▸ **Provided data**:
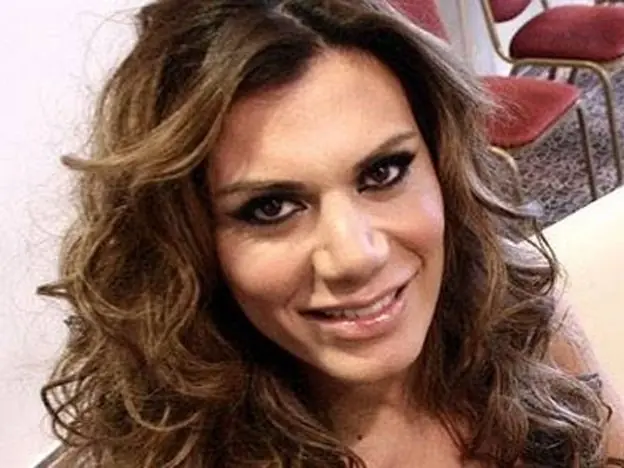 “Al travesti lo quieren solo para bufón de la corte"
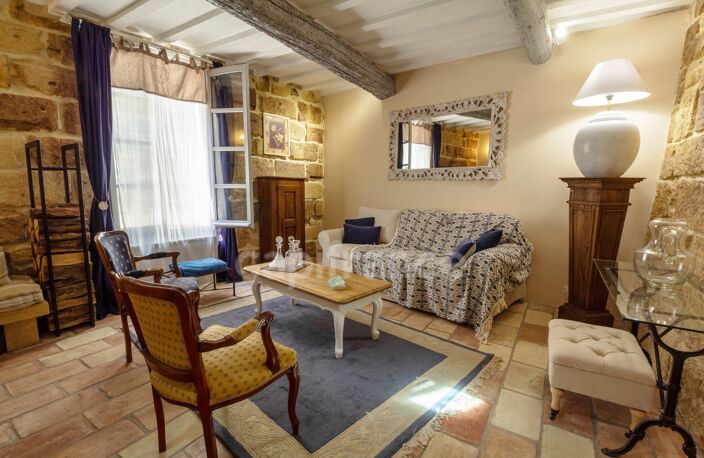 UZES, élégante maison de ville en pierre du XVIIIe siècle au cœur d’Uzès, T4 de 108m2 — photo 4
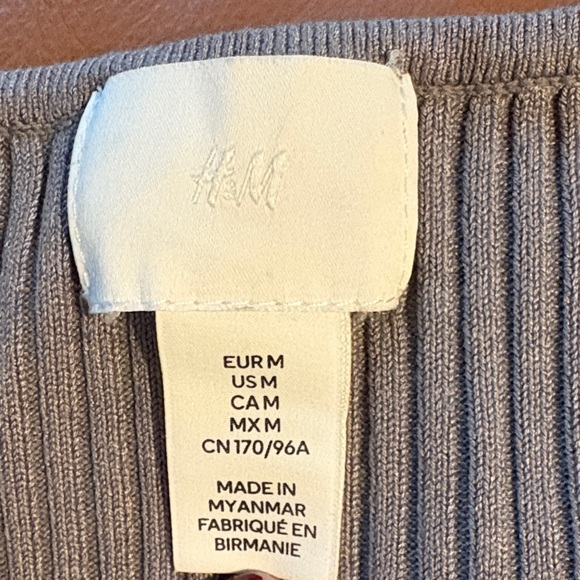 H&M Gray Ribbed Knit Top - Picture 2 of 4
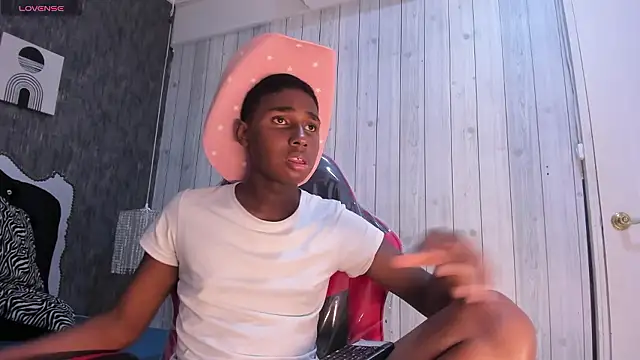 teylor lovee online show from 01-11-26, 09:11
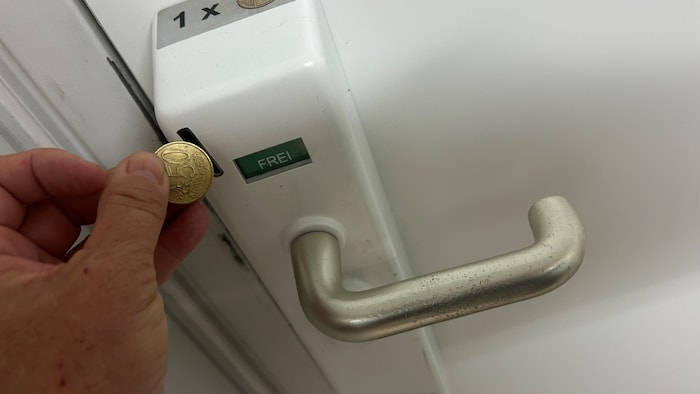Für den Toilettengang bezahlen sei für Frau M. ok, aber die Münzzahlung findet sie dann doch ...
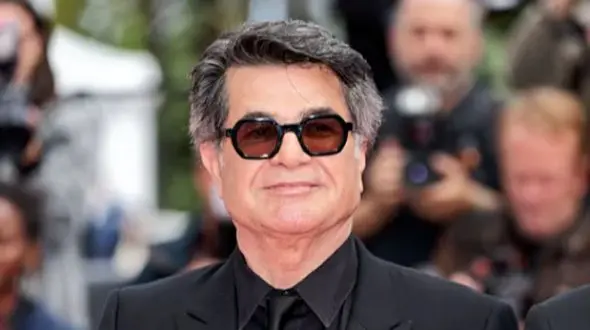 استقبال ویژه از جعفر پناهی در هنگام ورود به تهران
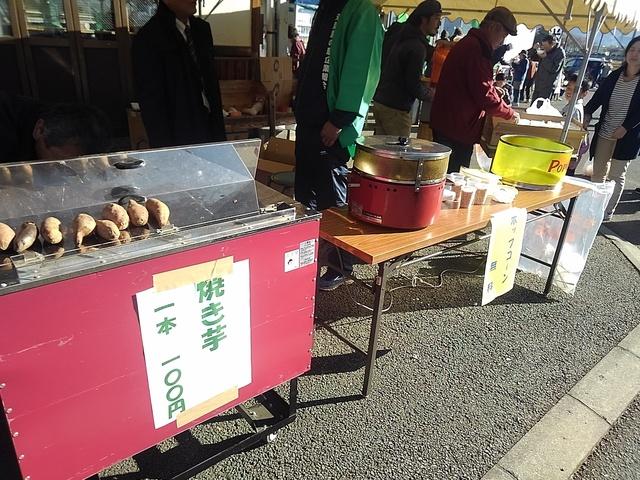 焼き芋とポップコーンの売り場の写真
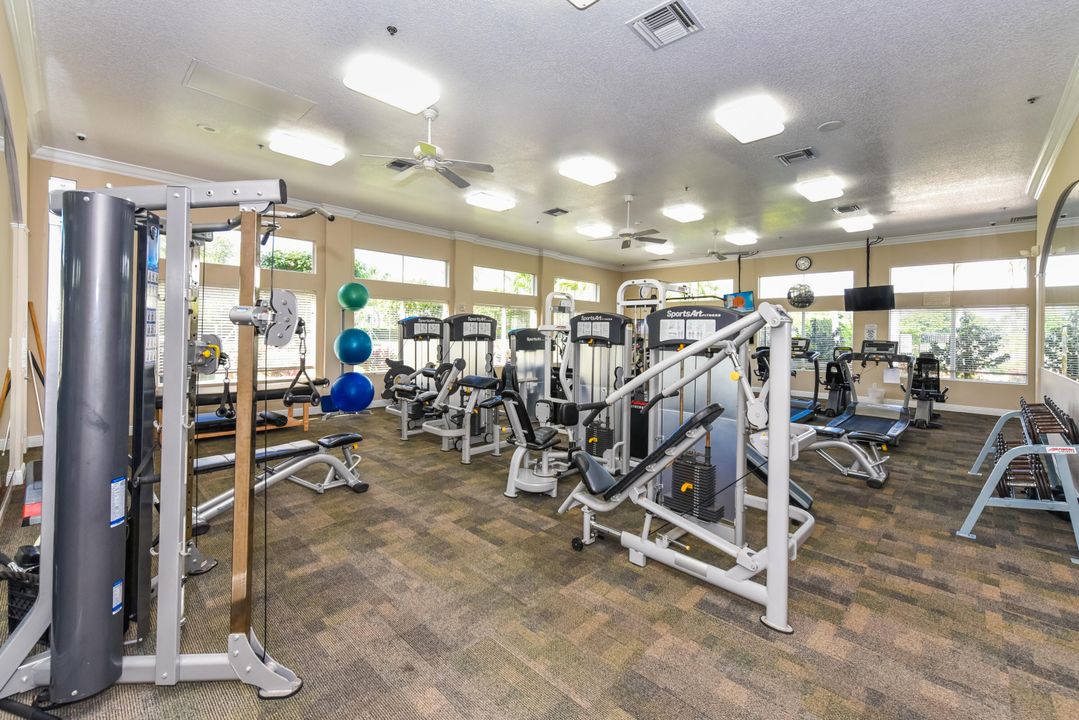 Activo con contrato: $649,000 (3 camas, 2 baños, 1894 Pies cuadrados)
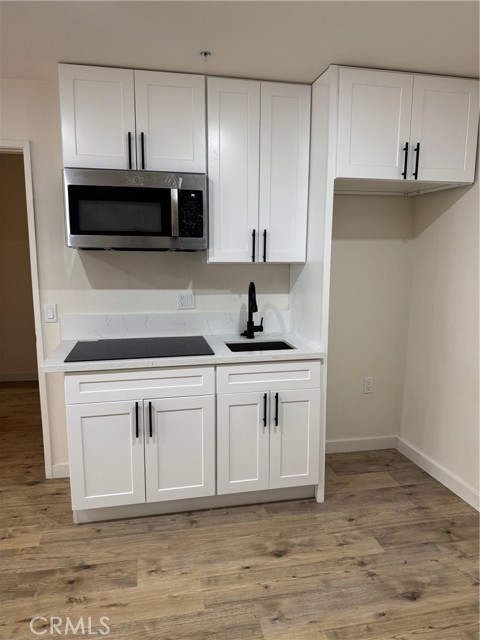 Detail Gallery Image 17 of 20 For 8800 Burnet Ave #15,  North Hills,  CA 91343 - 5 Beds | 3 Baths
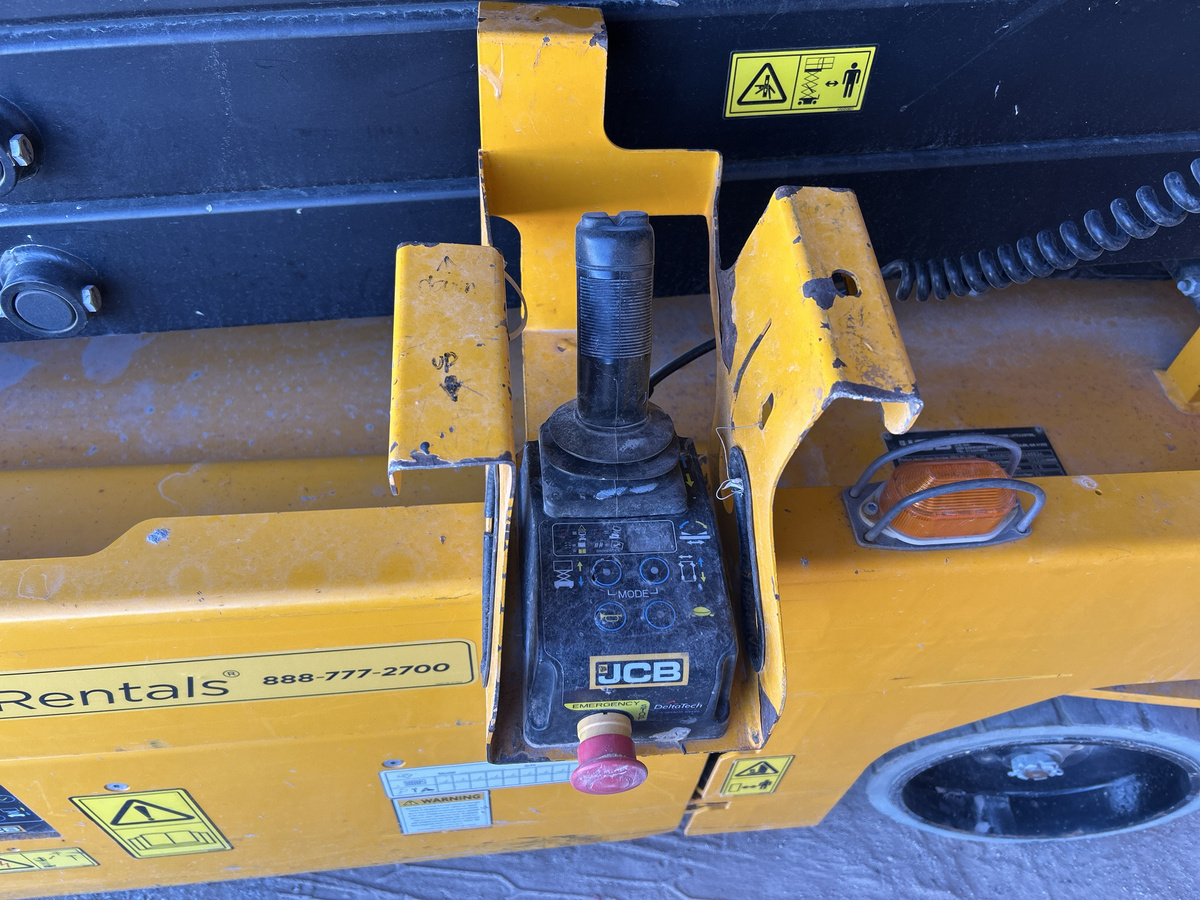 2023 JCB S3246E-4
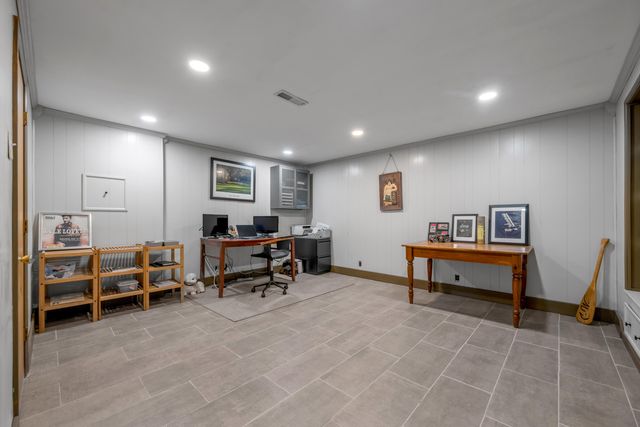 1894 Parkers Mill Road, Lexington, KY 40504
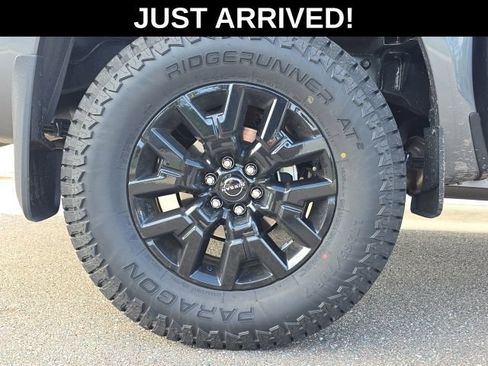 Used 2026 Nissan Frontier SV w/ Tow Package AWD/4WD image 5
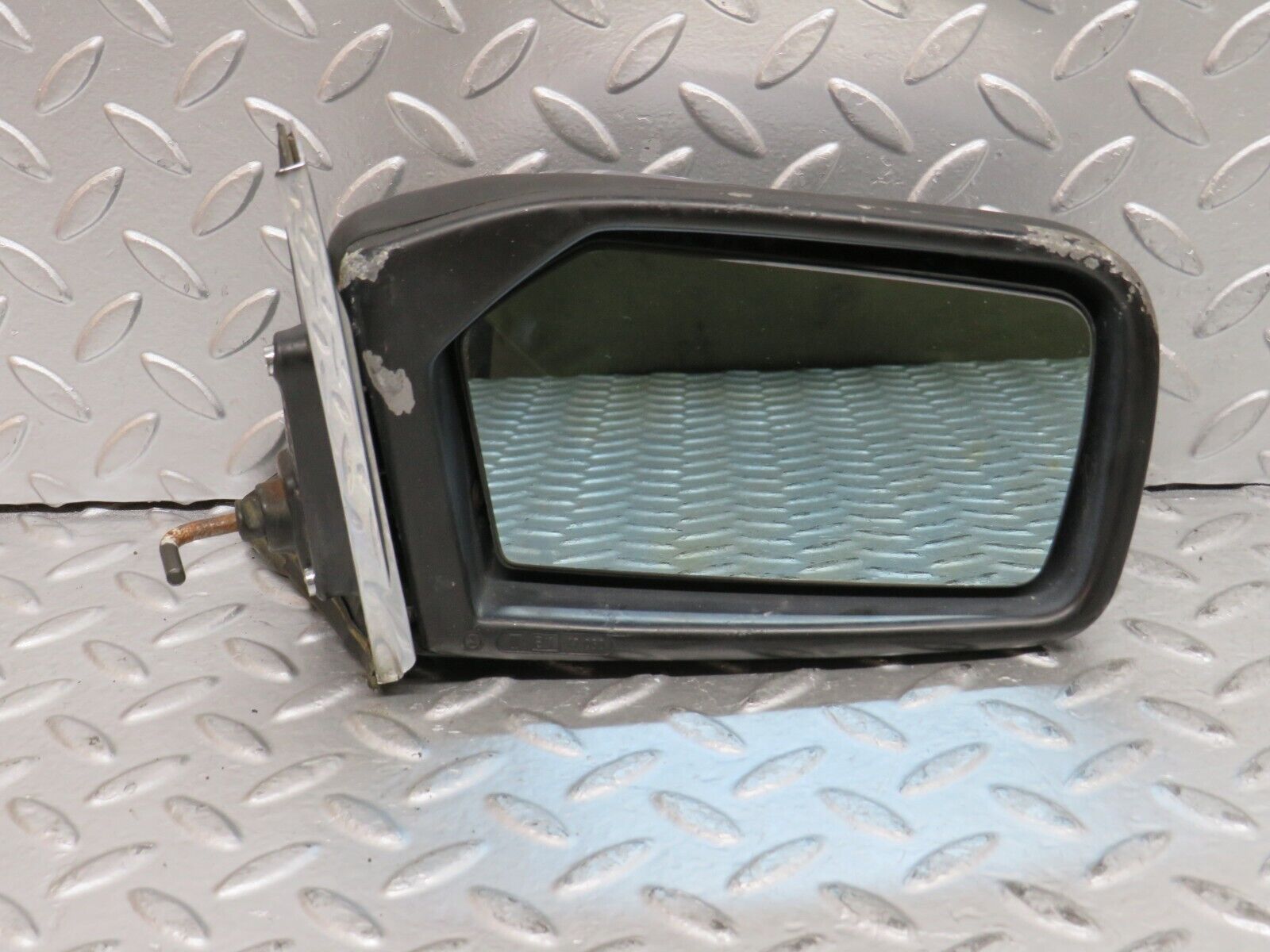 28105 Mercedes-Benz W123 280E Right Wing Mirror Chrome 1238110461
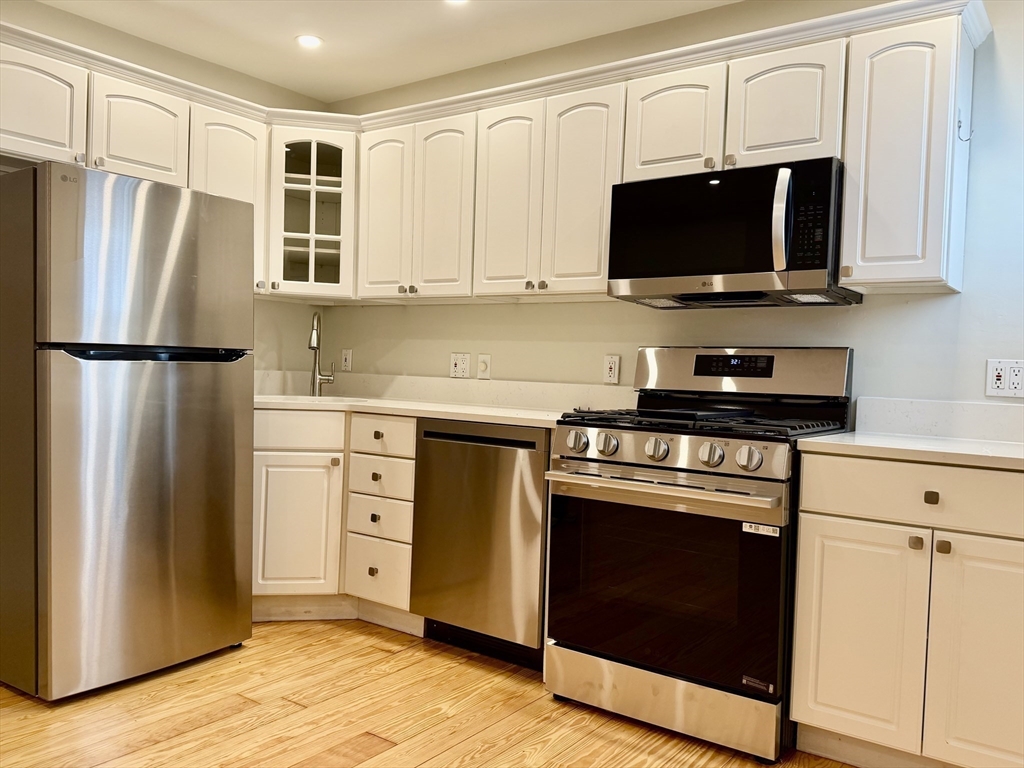 137 M St, Boston, Massachusetts, 1 Bedroom Bedrooms, 2 Rooms Rooms,1 BathroomBathrooms,Residential Lease,For Rent,M St,73542470
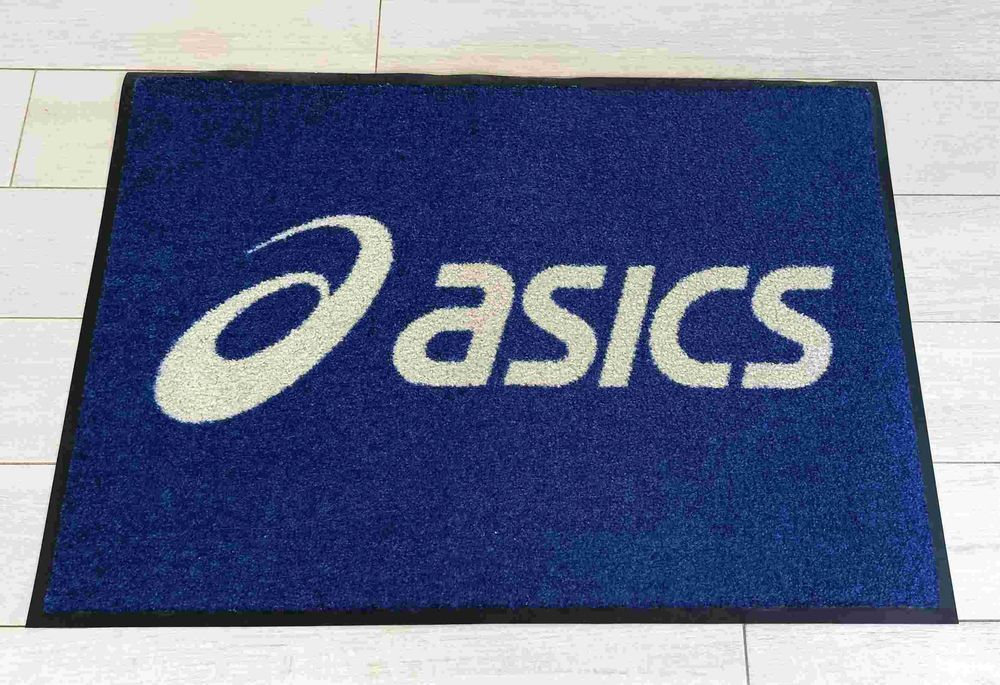 Tapete ASICS - dimensão 85x60 cm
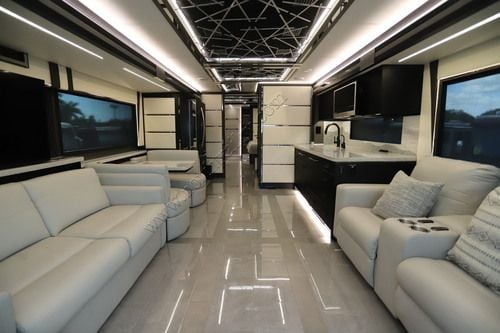 2026 Tiffin Motor Homes Zephyr 45PZ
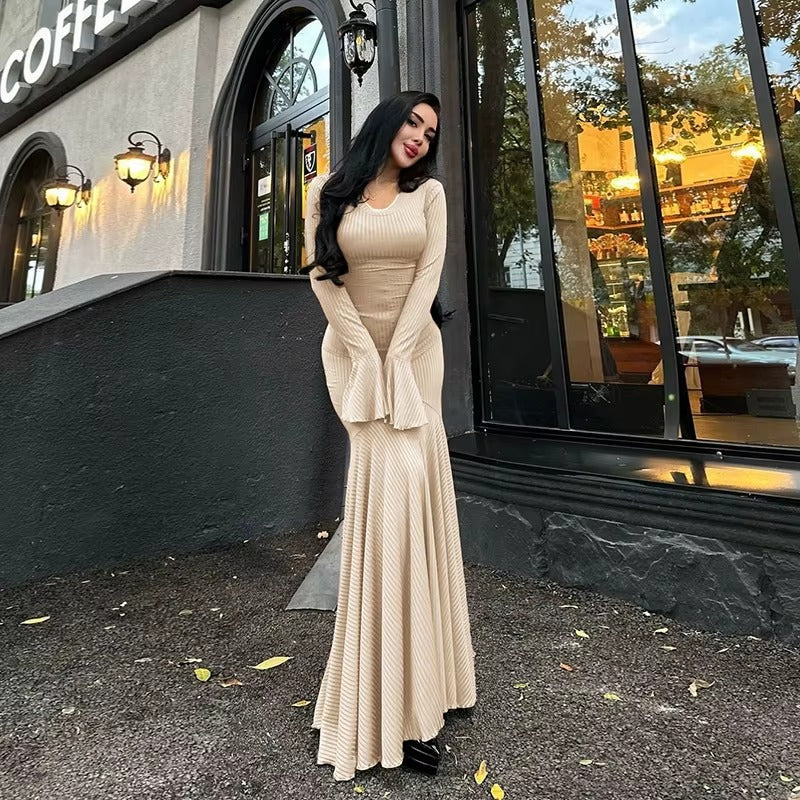 Elegant O-Neck Pleated Flared Sleeves Fishtail Maxi Dress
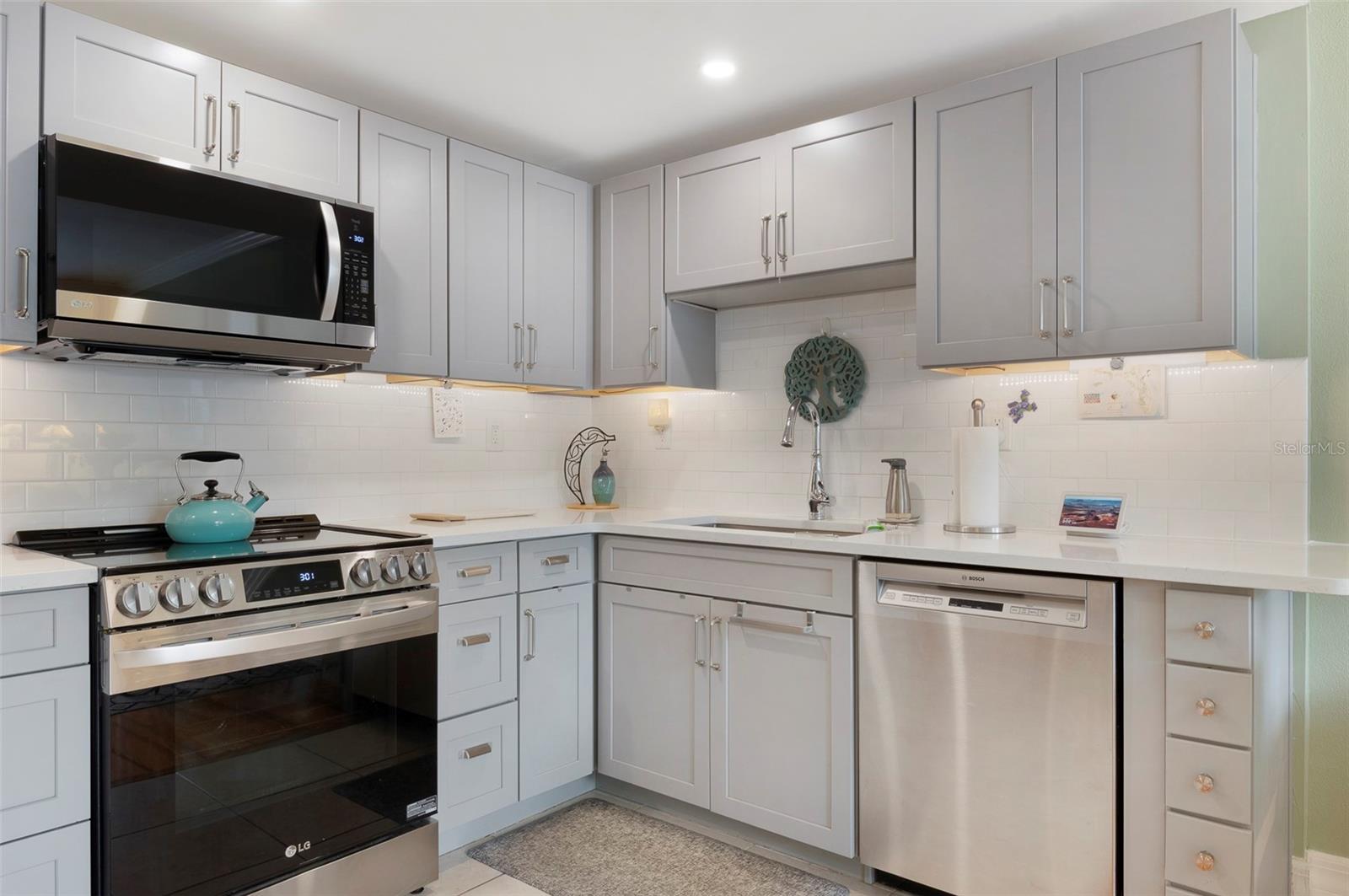 219 4TH AVE N #202, ST PETERSBURG, FL — photo 8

▸ **Assignment**: Return every line above word for word, minus images.

▸ **Exercise solution**:
 “Al travesti lo quieren solo para bufón de la corte"
 UZES, élégante maison de ville en pierre du XVIIIe siècle au cœur d’Uzès, T4 de 108m2 — photo 4
 H&M Gray Ribbed Knit Top - Picture 2 of 4
 teylor lovee online show from 01-11-26, 09:11
Für den Toilettengang bezahlen sei für Frau M. ok, aber die Münzzahlung findet sie dann doch ...
 استقبال ویژه از جعفر پناهی در هنگام ورود به تهران
 焼き芋とポップコーンの売り場の写真
 Activo con contrato: $649,000 (3 camas, 2 baños, 1894 Pies cuadrados)
 Detail Gallery Image 17 of 20 For 8800 Burnet Ave #15,  North Hills,  CA 91343 - 5 Beds | 3 Baths
 2023 JCB S3246E-4
 1894 Parkers Mill Road, Lexington, KY 40504
 Used 2026 Nissan Frontier SV w/ Tow Package AWD/4WD image 5
 28105 Mercedes-Benz W123 280E Right Wing Mirror Chrome 1238110461
 137 M St, Boston, Massachusetts, 1 Bedroom Bedrooms, 2 Rooms Rooms,1 BathroomBathrooms,Residential Lease,For Rent,M St,73542470
 Tapete ASICS - dimensão 85x60 cm
 2026 Tiffin Motor Homes Zephyr 45PZ
 Elegant O-Neck Pleated Flared Sleeves Fishtail Maxi Dress
 219 4TH AVE N #202, ST PETERSBURG, FL — photo 8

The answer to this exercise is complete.